The hands holding his release him, clench into angry fists, and then settle.
“Assholes,” he says, picking his mug back up.
Derek clinks theirs together in agreement, echoing the sentiment.
They sit in unusually companionable silence as Derek downs his drink. It’s practically heavenly. It puts the stale jeep water to shame.
“Will they heal?” Stiles eventually asks.
Derek nods.
“I reset them in the shower. I just need food, drink, and rest.”
Stiles nods back.
“Okay, good. We can manage with that. You probably heard but I already ordered pizzas. I got you a pepperoni. And a meat lovers. And a vegetarian ‘cause a growing werewolf should probably eat his veggies. I know protein is important, but you still need vitamins, man. I’m sure they must be important for werewolf healing. Not that I’ve tested it…”
Derek lets Stiles’ rambling wash over him. It’s even nicer than the shower. Only, this time, Derek doesn’t cry.
—
Derek only eats half a pizza before his stomach cramps, too used to the hunger from the past weeks. Stiles promises that the leftovers are all his tomorrow, whenever he feels up to eating more. Derek nods.
He just sits there as Stiles talks, and then as Stiles explains what took them so long in tracking him down. He’s full of apologies and explanations, but Derek doesn’t need them. He doesn’t blame them for taking so long.
“It’s fine,” Derek says. “I’m used to it. It’s what I’m good at.”
Stiles purses his lips unhappily.
—
When Stiles trails off from his quiet chatting, jaw cracking on a yawn, Derek prompts him to go to bed. Stiles nods, and Derek is prepared to curl up in the corner and leave Stiles to it when he’s dragged up and unceremoniously dumped on the mattress.
“Just so you’re aware,” Stiles warns him. “I’m a snuggler. We will be snuggling. It happens, Scott can attest to that.”
Derek nods, unsure of what to say.
This isn’t what he’s used to. He doesn’t normally have pack to curl up with in safety after something like this. Usually he winds up alone, in an unheated makeshift den, teeth grit has he holds himself together. He doesn’t know what to do with this, with Stiles’ kindness.
He thought Stiles hated him, wouldn’t blame him if he did, but Stiles just pokes him in an unbruised stretch of skin until Derek shimmies over to the wall to make room for him. He does it like it’s easy, like it’s something they’ve done before even though he knows it isn’t, acting like there’s no history of animosity between them at all.

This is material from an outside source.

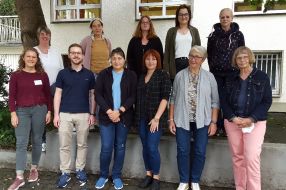 Eine Gruppe von Personen posiert lächelnd für ein Foto, das die erfolgreiche Nachbarschaftshilfe zeigt.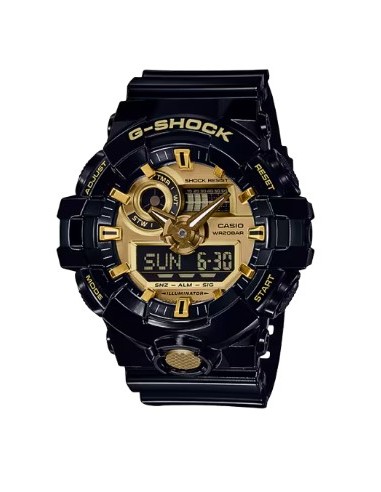 Reloj negro y dorado g-shock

He smiles at Derek, a small, new thing. Something that makes Derek dare to hope that the feeling of pack he’d gotten—when Stiles put himself between a wounded Derek and a hunter, when Derek found his betas defending him, when they took him to Deaton to make sure he was alright—might not be so temporary after all.
Finally, slowly, he lets his body relax. The trembling finally settles. He allows his eyes to droop closed.
They blink back open when a warm body curls up carefully against his own, a head settling over his chest as if to listen to his heart. When he makes a questioning noise the body squirms.
“I told you,” he says. “I’m a snuggler. I’m just preempting it. That's what I’m good at; being prepared.”
Derek hears Stiles’ heart blip on the lie and a smile curls at the corners of his mouth. Deciding now it’s probably not quite so unwelcome, Derek drops his nose to Stiles’ hair. He smells of contentment and Stiles and pack.
“I’ve got you, sourwolf,” Stiles murmurs before they drift off to sleep.
For the first time in a long time, even before this most recent kidnapping fiasco, Derek is able to rest.